(RECORDS SHOWN)

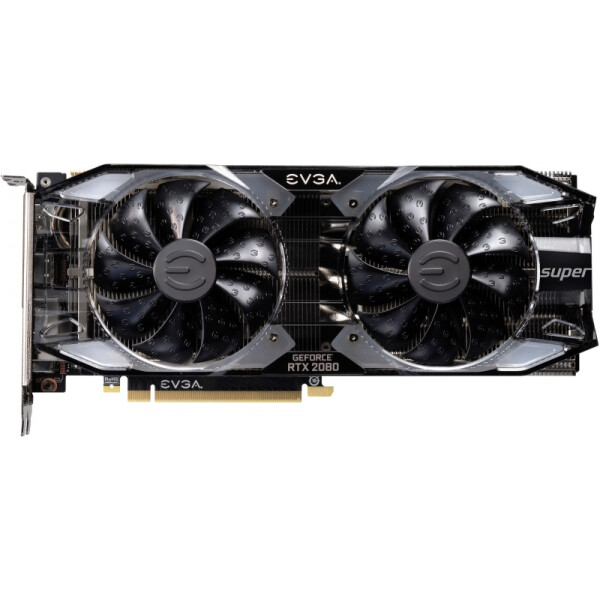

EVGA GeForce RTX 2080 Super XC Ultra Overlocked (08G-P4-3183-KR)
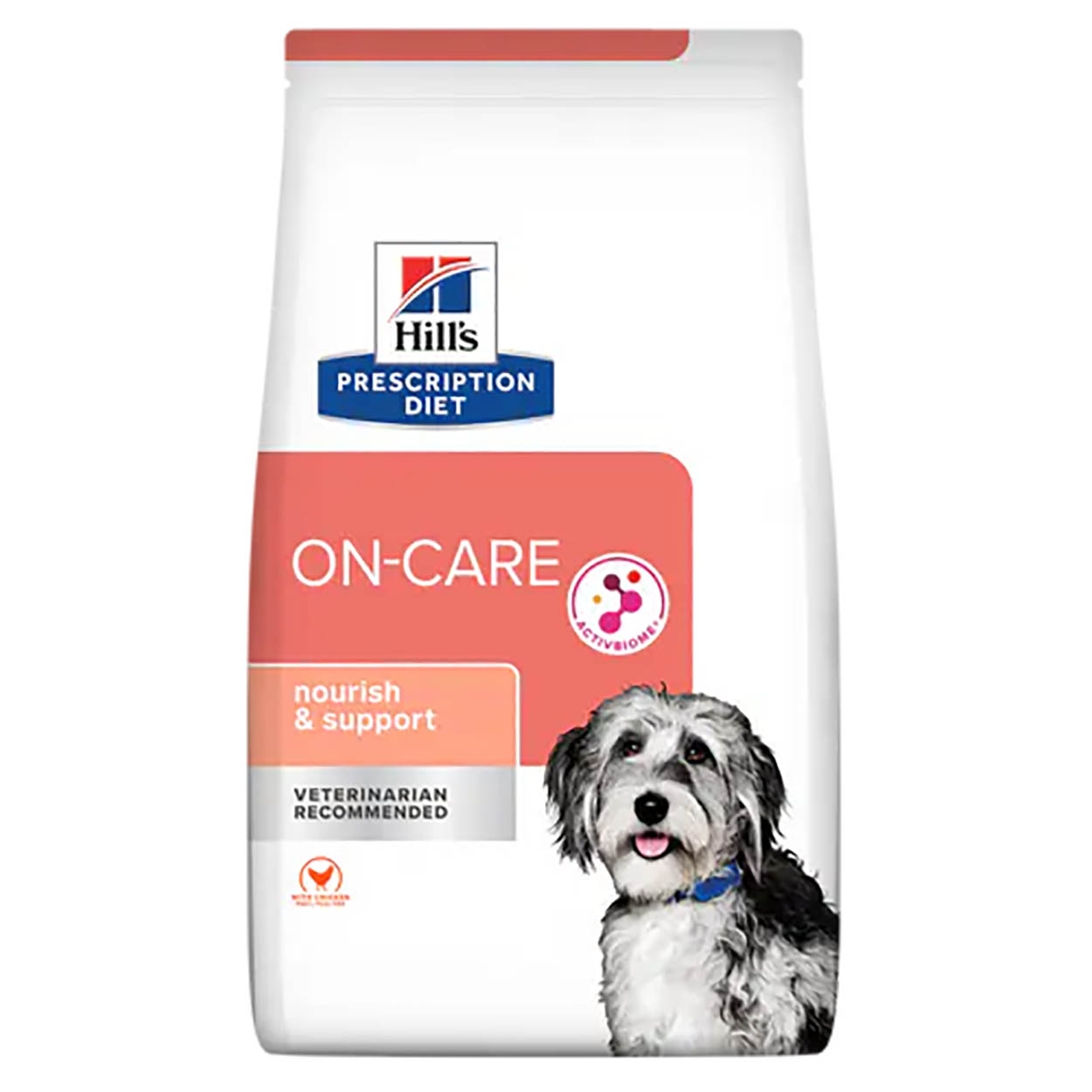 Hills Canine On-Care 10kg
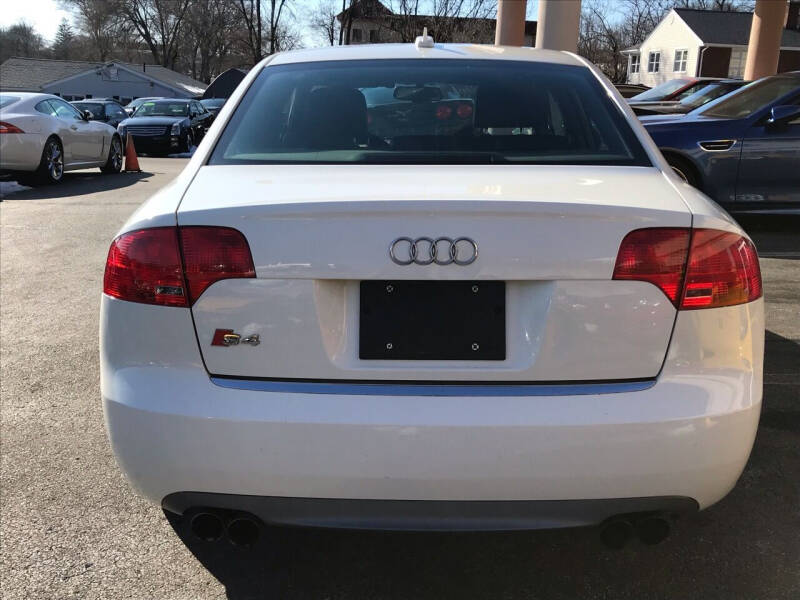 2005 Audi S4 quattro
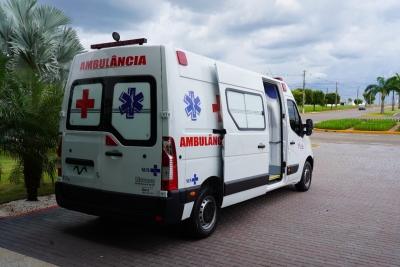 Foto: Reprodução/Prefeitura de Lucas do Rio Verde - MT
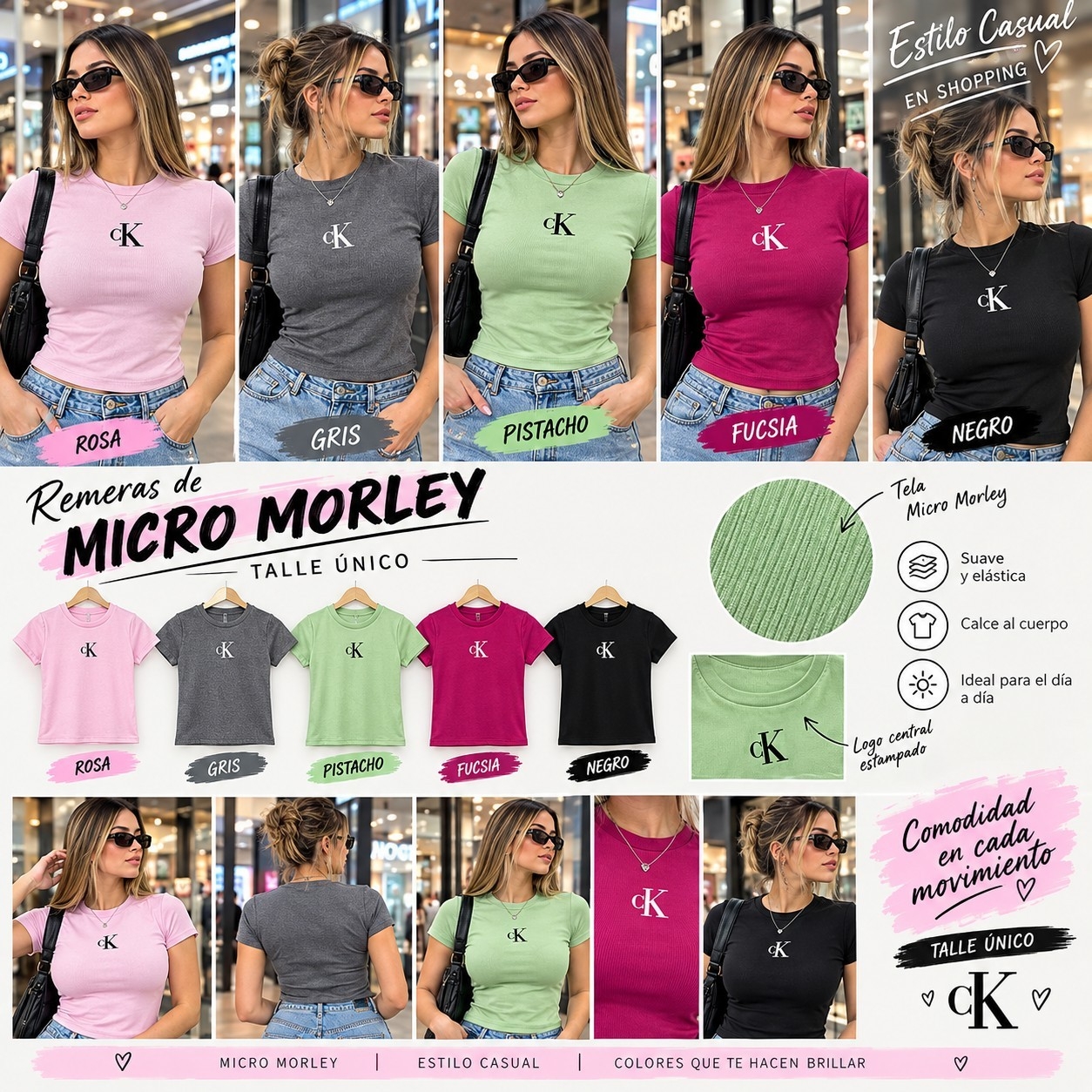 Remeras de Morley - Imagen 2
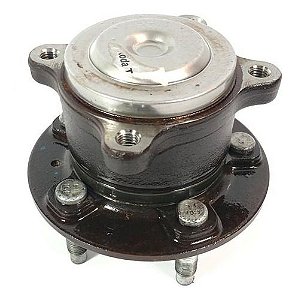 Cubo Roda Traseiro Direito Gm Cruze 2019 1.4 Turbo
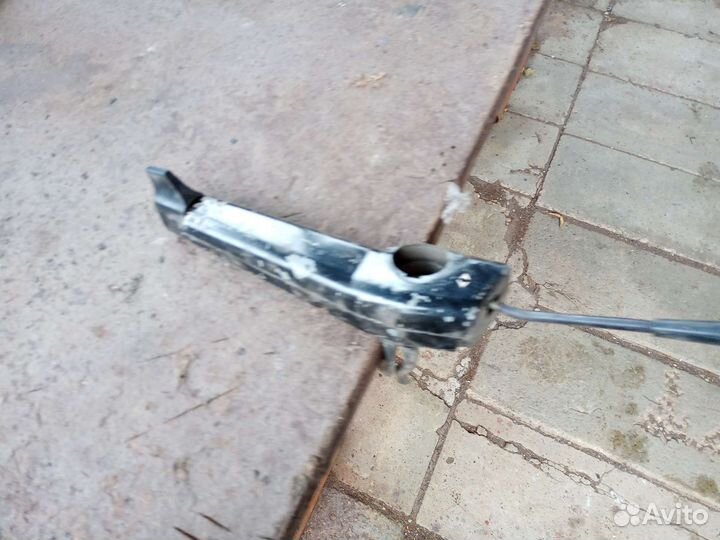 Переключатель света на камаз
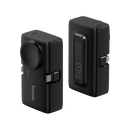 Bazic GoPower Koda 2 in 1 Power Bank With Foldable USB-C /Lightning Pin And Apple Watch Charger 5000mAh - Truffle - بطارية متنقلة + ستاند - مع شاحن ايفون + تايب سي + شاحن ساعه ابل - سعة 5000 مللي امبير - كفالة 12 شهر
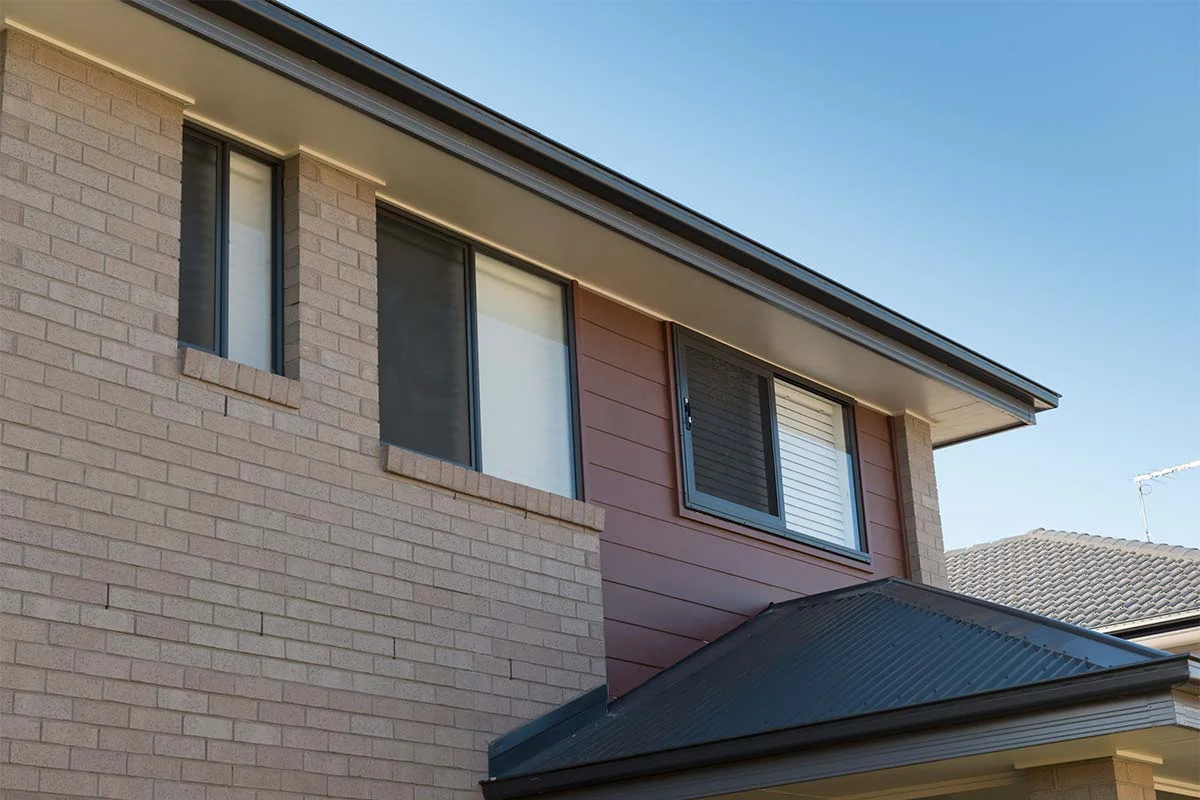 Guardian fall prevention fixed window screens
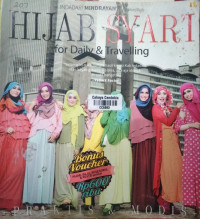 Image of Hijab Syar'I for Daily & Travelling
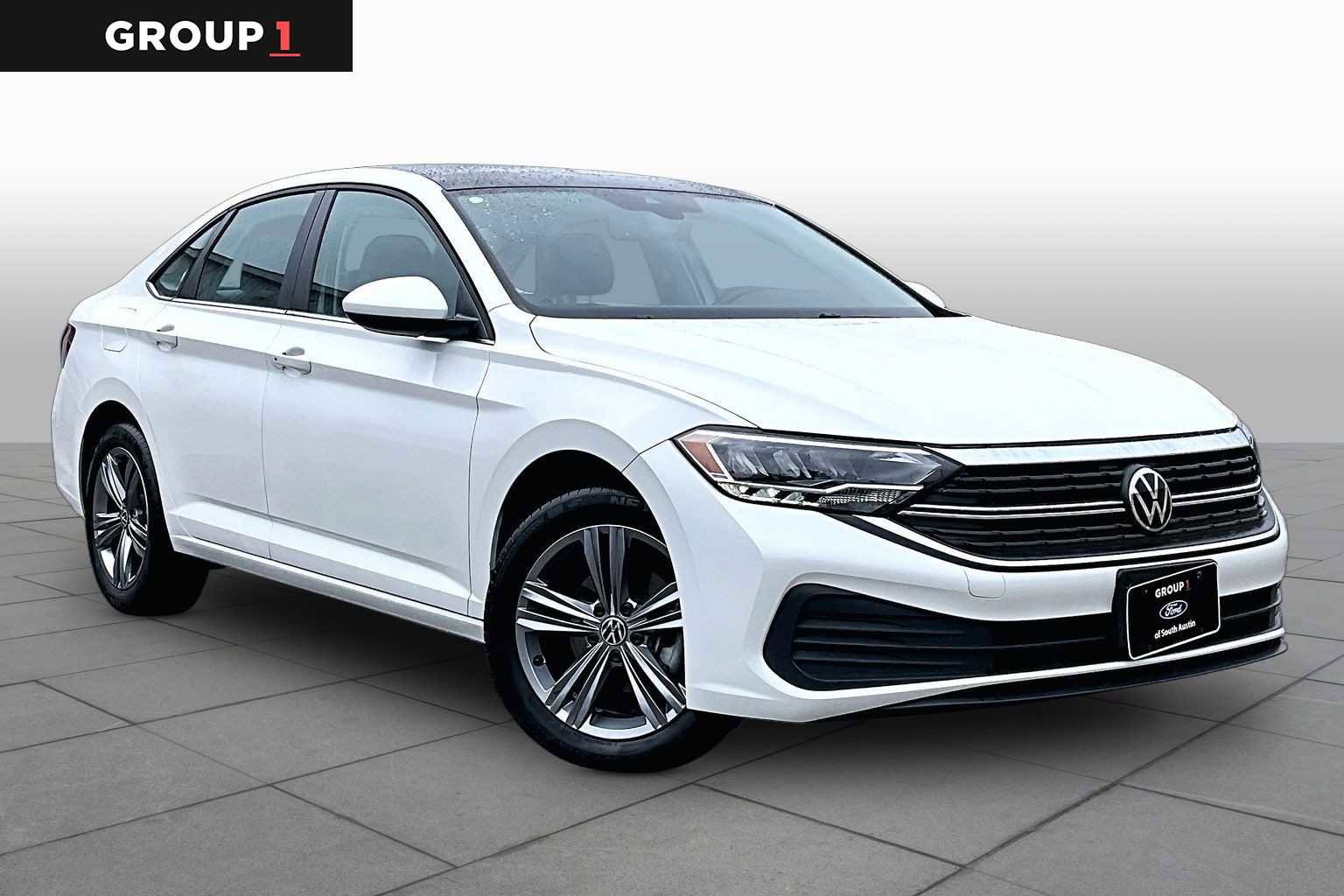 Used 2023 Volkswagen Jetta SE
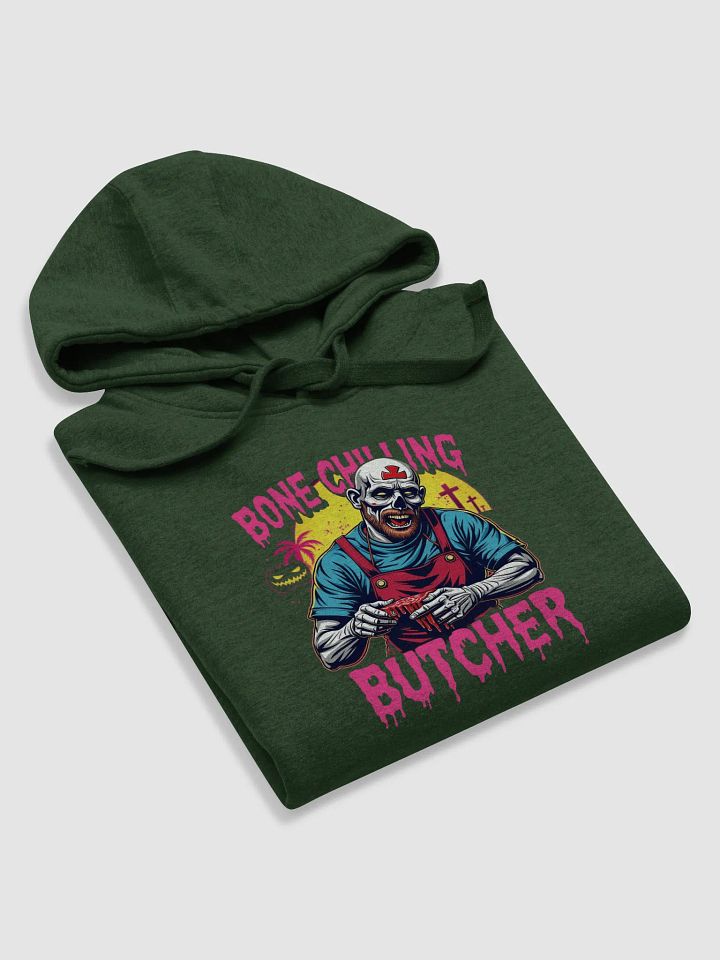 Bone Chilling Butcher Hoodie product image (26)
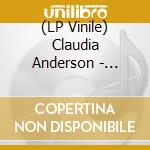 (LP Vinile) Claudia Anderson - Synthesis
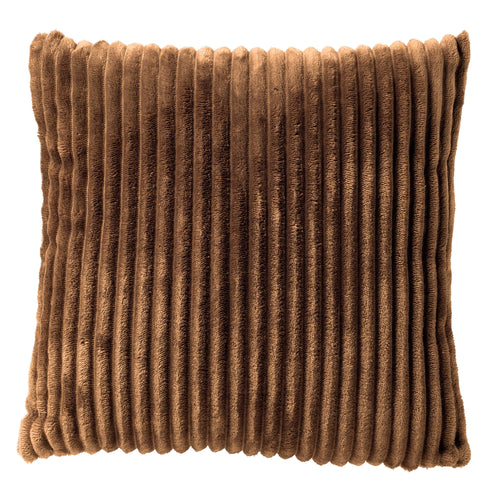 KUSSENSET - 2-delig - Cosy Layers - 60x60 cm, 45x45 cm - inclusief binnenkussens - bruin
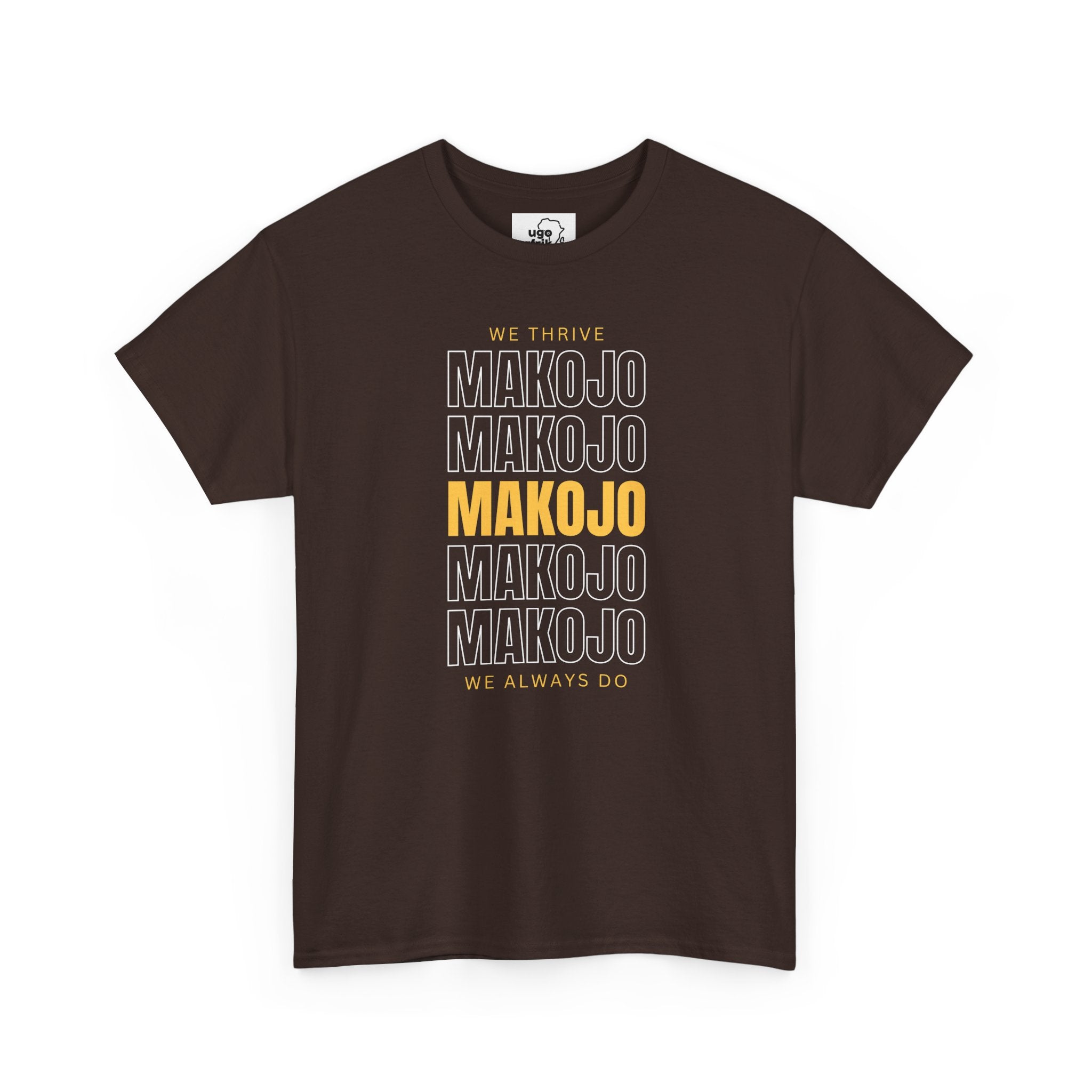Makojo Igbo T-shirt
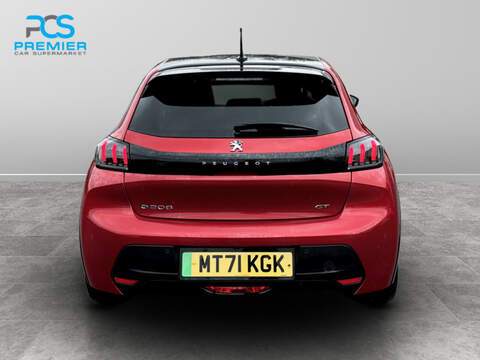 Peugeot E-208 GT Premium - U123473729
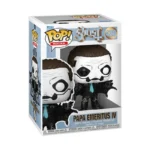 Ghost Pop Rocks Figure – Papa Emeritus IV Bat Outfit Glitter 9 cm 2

(End RECORDS SHOWN)

WHAT IS NEEDED: From the opening line of the entries above to the line that holds "Переключатель света на камаз", inclusive, reproduce each line exactly and omit any picture.

YOUR RESPONSE:
EVGA GeForce RTX 2080 Super XC Ultra Overlocked (08G-P4-3183-KR)
 Hills Canine On-Care 10kg
 2005 Audi S4 quattro
 Foto: Reprodução/Prefeitura de Lucas do Rio Verde - MT
 Remeras de Morley - Imagen 2
 Cubo Roda Traseiro Direito Gm Cruze 2019 1.4 Turbo
 Переключатель света на камаз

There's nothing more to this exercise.